2. Modeling Framework: Poisson Point Process
We model the occurrence of fatal traffic accidents as a spatial Poisson point process (PPP). This approach treats fatalities as realizations of a stochastic process occurring over a continuous spatial domain (the South Carolina road network).
The log-likelihood of a nonhomogeneous Poisson point process is given by:
\[\log L(\lambda) = \sum_{i=1}^n \log \lambda(x_i) - \int_W \lambda(x) \, dx\]Where:
- $\lambda(x)$: The intensity function, representing the expected number of fatal events per unit area (or road length) at location $x$.

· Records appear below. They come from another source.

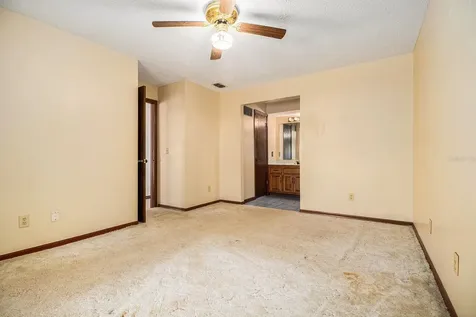 607 E Lakeshore Drive Ocoee FL 34761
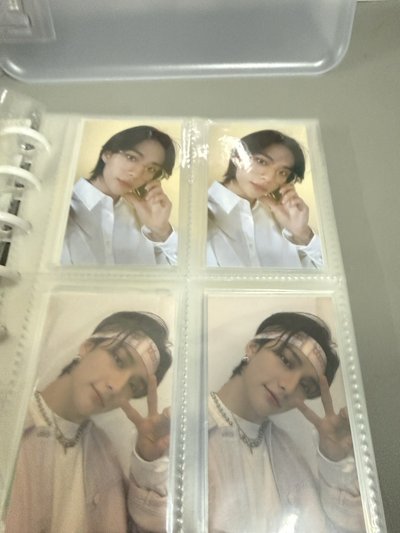 辰卡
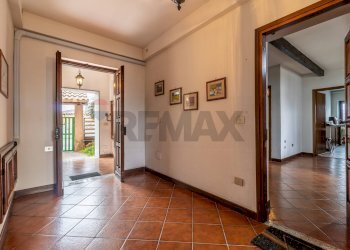 Casa indipendente Via Montenero, 22 
 Trino, Trino - foto 12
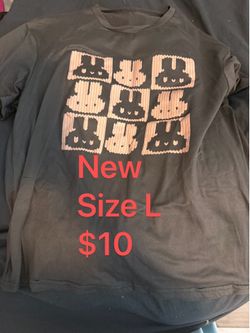 Women’s T-Shirt
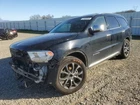 Durango 2018 Door Handle Exterior 5777155 Used. Price: $80.00.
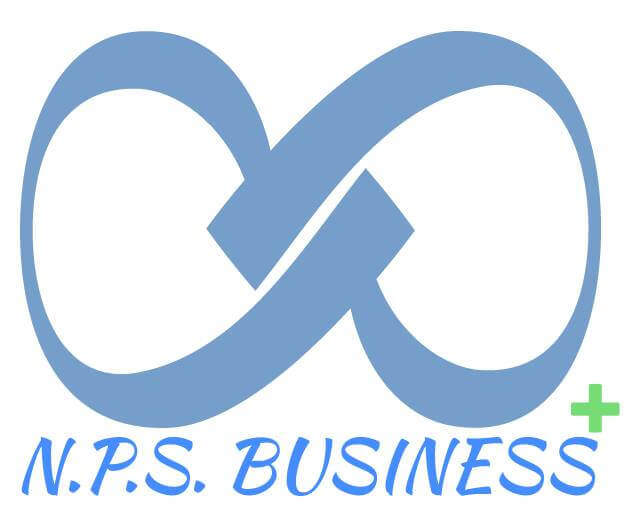 accounting-firm-place-logo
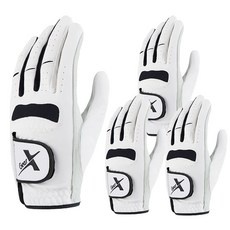 SNS에서 인기있는 제품이에요, 정말 좋아요. 골프장갑 인기 아이템 TOP 9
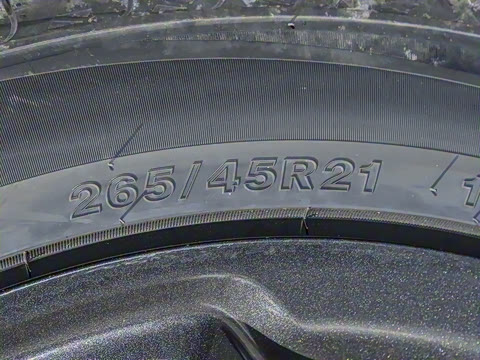 2025�� 501�����Ǽݰ�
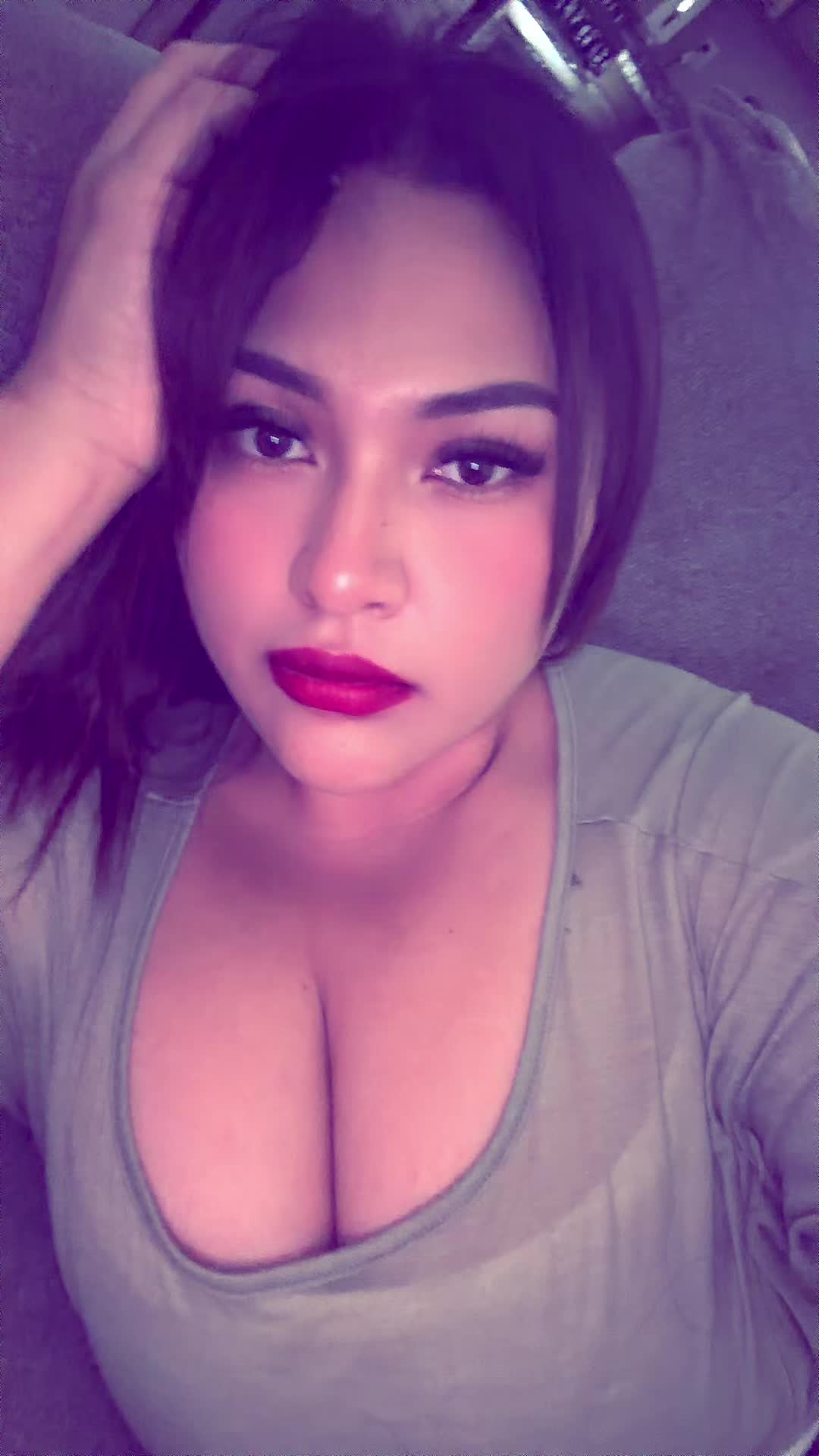 @Diviaaa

- $x_i$: Coordinates of observed fatal accidents.
- $W$: The spatial domain (the road network).
Since the integral $\int_W \lambda(x) dx$ is analytically intractable for complex road networks, we approximate it using Monte Carlo integration over a set of background (non-fatal) points. This technique is known as a numerical quadrature scheme:
\[\int_W \lambda(x) dx \approx \sum_{j=1}^m w_j \cdot \lambda(x_j)\]Where:
- $x_j$: Sampled background locations.
- $w_j$: Quadrature weights representing the road length each point accounts for.
- $m$: Total number of background points.
This transformation allows us to implement the model using weighted Poisson regression.
3. The Role of Weights
In this framework, weights are used to approximate the integral term of the likelihood function using a discrete set of background points.
-
For Fatalities (Events): \(w_i = 1\) (Note: This indicates an observed event presence).
-
For Background Points (Pseudo-Absences): \(w_j = \frac{A}{m}\) Where:
- $A$: Total length of roads (in 100-meter units).
- $m$: Number of background points sampled.
This weighting scheme ensures that the background points collectively approximate the spatial opportunity for a crash to occur. It is not a survey sampling weight, but rather a numerical approximation of integration.
Our background points are sampled from non-fatal crash locations. By using all crashes as the background domain, the model estimates the fatality intensity conditional on crash occurrence.
4. Correlation and Dependence
We evaluated potential multicollinearity among the continuous predictors: Slope, Curvature, and AADT (Average Annual Daily Traffic).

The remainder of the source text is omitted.